In matters of race, we have issues, but we show progress. The quiet progress comes from interracial marriages and mixed race neighborhoods. Moreover, it comes from mixed race people. Tiger Woods signaled, by his notoriety, a change in our concept of race. Black/white distinctions are being blurred by the idea of multi-racial.

Our true selves as Americans show up not as blots of black, white and other, but as a mix. If Tiger by virtue of his parentage is cool, having a mixed-race president is way cool.

Religious distinctions, products of our minds and not physical characteristics, should be easily bridgeable. But we insist on exclusivity. Maybe it’s time for "make it cool" to be multi-religious.
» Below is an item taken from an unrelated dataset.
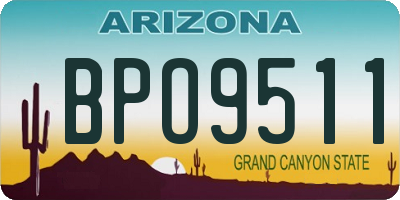 AZ license plate BPO9511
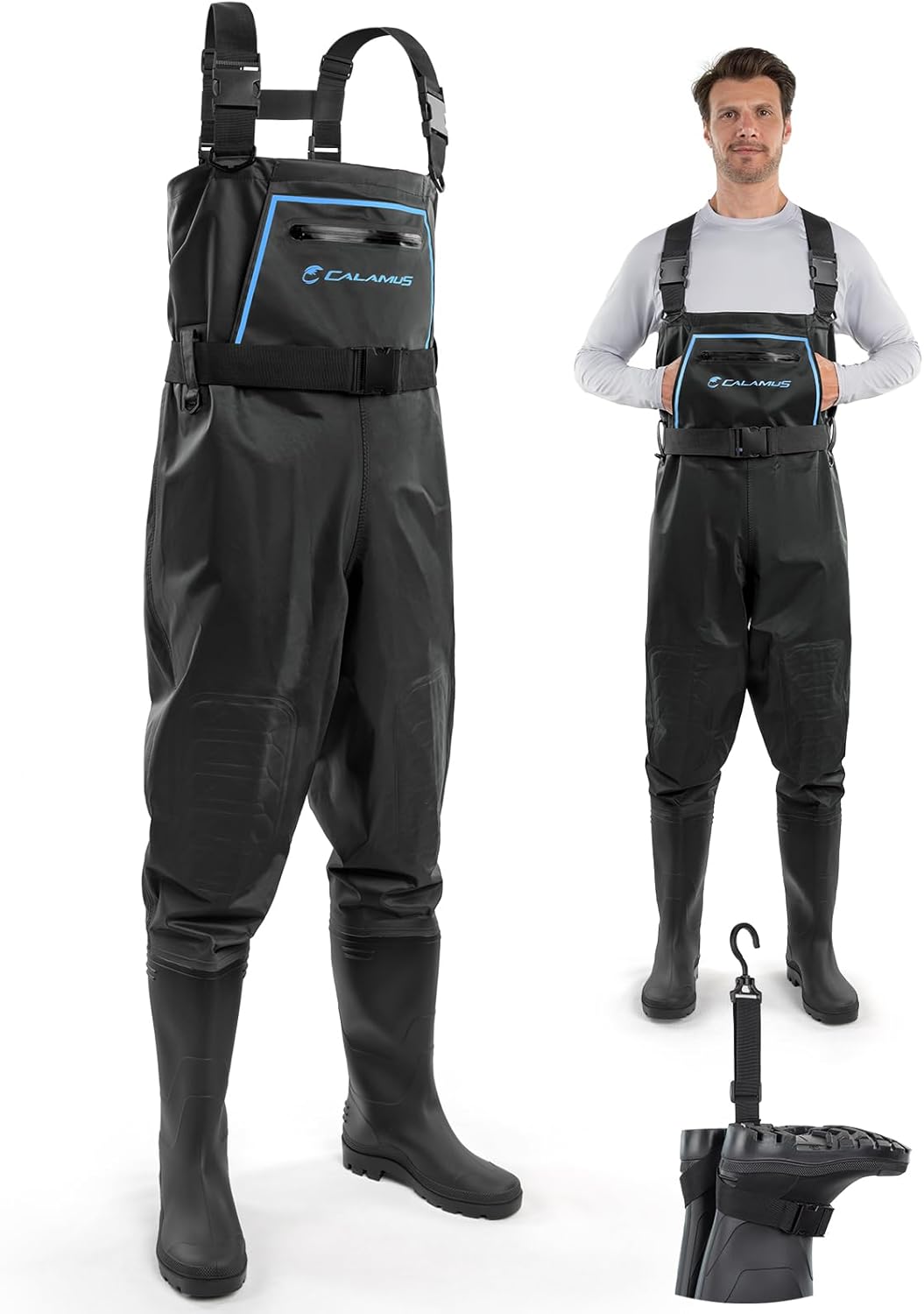 Calamus WaveWalker Fishing Waders for Men & Women, 100% Waterproof PVC Waders with Slip-Resistant Boots, Tear-Resistant Nylon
Mike Mansfield in his book The Japanese Mind describes how the Japanese can, with no internal contradictions and no social discomfort, be of several beliefs. They may be Christian, Buddhist, and Shinto at the same time, choosing rituals from each, as they deem fit.

And why not? Why can’t I choose a theology drawing on the Wisdom of Solomon and David, the meditative awareness of the Buddha, the poetry of the Quran, and the humility of Jesus? Religion at its best creates community, and our diverse society is rich in the wisdom of the ages.

Yet we feel we must choose one and only one.

I know someone whose wife is a Muslim Moroccan who followed her white, Christian husband to the U.S. from Spain. She believes in celebrating everyone’s holidays. She enjoys St Patrick’s Day with the relish of the Irish, Christmas with the sense of joy experienced by Christians, and Eid with the reverence of her own faith.

But that we all could embrace such an outlook. But we seem stuck in our dualist nature. Pro-Con. Go-No-Go. We argue to argue. We can, however, be more than the residue of our little philosophical encampments.

I admit there are limitations. One cannot, for example, be both a Red Sox and Yankee fan. That would be silly.